The problem statement:

  • You are planning a picnic today, but the morning is cloudy”

  • Oh no! 50% of all rainy days start off cloudy! But cloudy mornings are common (about 40% of days start cloudy) And this is usually a dry month (only 3 of 30 days tend to be rainy, or 10%) What is the chance of rain during the day?

  • We will use Rain to mean rain during the day, and Cloud to mean cloudy morning.

  • The chance of Rain given Cloud is written P(Rain|Cloud)

So let’s put that in the formula: P( Rain | Cloud ) = P( Rain ) X P( Cloud | Rain ) / P( Cloud )

  • P(Rain) is Probability of Rain = 10%
  • P(Cloud|Rain) is Probability of Cloud, given that Rain happens = 50%
  • P(Cloud) is Probability of Cloud = 40%

P( Rain | Cloud ) = ( 0.1 x 0.5 ) / 0.4 = 0.125

Or a 12.5% chance of rain. Not too bad, let’s have a picnic!

Types of Naive Bayes:

1. Gaussian Naive Bayes

  • Assumption: Features follow a Gaussian (normal) distribution.
  • Use Case: Suitable for continuous data.
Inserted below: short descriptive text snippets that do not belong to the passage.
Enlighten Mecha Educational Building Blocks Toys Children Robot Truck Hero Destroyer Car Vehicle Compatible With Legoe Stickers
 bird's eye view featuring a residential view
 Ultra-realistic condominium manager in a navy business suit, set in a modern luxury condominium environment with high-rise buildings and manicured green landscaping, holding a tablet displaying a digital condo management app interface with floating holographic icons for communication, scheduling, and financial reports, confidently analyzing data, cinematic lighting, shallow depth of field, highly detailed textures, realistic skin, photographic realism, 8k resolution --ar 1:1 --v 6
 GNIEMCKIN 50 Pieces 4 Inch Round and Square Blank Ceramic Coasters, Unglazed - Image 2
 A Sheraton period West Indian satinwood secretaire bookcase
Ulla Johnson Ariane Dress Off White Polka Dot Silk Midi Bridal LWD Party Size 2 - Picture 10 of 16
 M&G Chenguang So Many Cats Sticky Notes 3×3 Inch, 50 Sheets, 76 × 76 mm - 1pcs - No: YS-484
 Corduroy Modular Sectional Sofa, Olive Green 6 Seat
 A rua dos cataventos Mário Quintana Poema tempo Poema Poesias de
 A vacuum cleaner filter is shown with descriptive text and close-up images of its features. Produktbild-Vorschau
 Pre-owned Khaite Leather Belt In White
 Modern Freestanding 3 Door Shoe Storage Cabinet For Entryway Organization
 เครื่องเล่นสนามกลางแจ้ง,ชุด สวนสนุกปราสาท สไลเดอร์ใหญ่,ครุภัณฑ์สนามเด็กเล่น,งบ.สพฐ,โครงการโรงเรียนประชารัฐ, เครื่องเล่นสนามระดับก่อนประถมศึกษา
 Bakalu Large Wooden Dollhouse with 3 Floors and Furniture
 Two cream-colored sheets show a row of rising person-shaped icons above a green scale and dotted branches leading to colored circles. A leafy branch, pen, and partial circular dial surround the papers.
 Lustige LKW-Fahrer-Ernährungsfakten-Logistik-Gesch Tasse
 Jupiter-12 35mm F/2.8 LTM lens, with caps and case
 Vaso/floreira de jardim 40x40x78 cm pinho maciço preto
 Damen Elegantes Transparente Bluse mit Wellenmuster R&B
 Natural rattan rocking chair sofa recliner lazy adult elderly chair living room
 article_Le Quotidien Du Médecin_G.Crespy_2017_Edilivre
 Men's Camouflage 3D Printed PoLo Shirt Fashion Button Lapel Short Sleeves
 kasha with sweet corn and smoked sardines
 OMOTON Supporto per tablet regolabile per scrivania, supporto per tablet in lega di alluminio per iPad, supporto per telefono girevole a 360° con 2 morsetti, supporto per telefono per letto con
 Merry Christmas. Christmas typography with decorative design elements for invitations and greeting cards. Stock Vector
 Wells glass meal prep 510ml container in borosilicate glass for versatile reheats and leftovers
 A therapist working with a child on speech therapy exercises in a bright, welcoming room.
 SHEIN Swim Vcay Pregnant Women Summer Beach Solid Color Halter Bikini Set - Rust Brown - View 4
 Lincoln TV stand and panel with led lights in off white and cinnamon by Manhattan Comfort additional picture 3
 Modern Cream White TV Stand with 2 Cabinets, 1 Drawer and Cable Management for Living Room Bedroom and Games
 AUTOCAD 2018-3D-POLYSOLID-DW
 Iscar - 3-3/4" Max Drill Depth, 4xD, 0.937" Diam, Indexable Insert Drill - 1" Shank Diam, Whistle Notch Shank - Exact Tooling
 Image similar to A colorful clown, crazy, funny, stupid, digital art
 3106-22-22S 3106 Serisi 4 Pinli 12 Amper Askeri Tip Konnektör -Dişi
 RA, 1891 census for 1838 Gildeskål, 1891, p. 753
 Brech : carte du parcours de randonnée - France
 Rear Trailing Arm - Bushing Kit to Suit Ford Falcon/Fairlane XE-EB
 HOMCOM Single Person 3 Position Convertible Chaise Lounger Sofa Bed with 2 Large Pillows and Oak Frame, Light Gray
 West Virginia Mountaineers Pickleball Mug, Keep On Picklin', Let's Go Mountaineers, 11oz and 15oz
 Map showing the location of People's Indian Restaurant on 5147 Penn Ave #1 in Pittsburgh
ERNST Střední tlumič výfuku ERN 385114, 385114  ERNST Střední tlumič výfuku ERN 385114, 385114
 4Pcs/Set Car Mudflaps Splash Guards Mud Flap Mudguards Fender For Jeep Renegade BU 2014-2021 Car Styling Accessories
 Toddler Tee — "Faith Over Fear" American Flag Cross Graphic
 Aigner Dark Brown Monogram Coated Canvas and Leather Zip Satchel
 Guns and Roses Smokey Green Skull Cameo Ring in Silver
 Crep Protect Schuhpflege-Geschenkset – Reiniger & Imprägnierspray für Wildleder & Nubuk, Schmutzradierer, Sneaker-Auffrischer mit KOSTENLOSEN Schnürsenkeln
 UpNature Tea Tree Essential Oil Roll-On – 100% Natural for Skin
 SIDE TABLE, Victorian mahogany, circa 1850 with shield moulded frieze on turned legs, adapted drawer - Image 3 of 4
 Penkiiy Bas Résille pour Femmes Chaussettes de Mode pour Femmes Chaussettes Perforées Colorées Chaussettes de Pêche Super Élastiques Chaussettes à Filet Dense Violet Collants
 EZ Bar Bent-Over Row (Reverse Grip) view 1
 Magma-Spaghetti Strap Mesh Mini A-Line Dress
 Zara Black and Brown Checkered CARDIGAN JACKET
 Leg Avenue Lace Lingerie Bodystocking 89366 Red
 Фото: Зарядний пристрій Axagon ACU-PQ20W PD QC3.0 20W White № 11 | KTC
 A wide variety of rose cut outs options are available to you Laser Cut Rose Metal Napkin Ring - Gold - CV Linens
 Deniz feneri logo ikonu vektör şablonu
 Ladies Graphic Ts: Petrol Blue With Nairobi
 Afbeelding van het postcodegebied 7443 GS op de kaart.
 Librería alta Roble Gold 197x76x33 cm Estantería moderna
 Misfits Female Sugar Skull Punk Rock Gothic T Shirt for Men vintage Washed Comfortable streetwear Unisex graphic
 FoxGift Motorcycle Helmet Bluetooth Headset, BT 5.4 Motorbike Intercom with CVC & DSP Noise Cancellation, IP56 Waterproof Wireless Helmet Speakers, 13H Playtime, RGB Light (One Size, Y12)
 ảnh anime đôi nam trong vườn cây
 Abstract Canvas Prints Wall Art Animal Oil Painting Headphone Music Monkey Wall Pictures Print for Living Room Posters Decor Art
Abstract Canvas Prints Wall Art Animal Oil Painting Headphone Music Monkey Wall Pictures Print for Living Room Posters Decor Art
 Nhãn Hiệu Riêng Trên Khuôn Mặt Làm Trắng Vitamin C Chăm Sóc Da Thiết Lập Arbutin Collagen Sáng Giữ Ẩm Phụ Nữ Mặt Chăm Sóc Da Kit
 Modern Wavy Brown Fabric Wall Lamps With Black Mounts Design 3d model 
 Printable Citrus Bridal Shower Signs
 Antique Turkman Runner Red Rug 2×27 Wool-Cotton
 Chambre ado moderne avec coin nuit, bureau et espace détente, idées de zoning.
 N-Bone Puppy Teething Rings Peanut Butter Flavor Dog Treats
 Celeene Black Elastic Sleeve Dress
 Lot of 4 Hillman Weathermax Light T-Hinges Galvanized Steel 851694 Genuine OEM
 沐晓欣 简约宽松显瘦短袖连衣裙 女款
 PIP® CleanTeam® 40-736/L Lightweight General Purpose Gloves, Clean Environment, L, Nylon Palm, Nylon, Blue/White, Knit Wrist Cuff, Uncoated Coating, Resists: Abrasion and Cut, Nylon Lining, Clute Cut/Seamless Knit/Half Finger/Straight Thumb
It’s commonly used when the features are real-valued and continuous.
  • Example: Predicting whether a student will pass or fail based on their scores in various subjects, assuming that the scores follow a normal distribution.

2. Multinomial Naive Bayes

  • Assumption: Features follow a multinomial distribution.
  • Use Case: Suitable for discrete data, especially when features represent counts or frequencies.
  • Example: Text classification tasks like spam detection or sentiment analysis, where the features are word frequencies in a document.

3. Bernoulli Naive Bayes

  • Assumption: Features are binary (i.e., they take on two values, typically 0 or 1).
  • Use Case: Suitable for binary/Boolean data.
  • Example: Email spam detection, where each feature indicates the presence or absence of a word in an email.

4. Complement Naive Bayes

  • Assumption: Similar to Multinomial Naive Bayes but is particularly effective for imbalanced datasets.
  • Use Case: Often used in text classification when classes are imbalanced.
  • Example: Document classification tasks where one class (e.g., spam) is much less frequent than the other.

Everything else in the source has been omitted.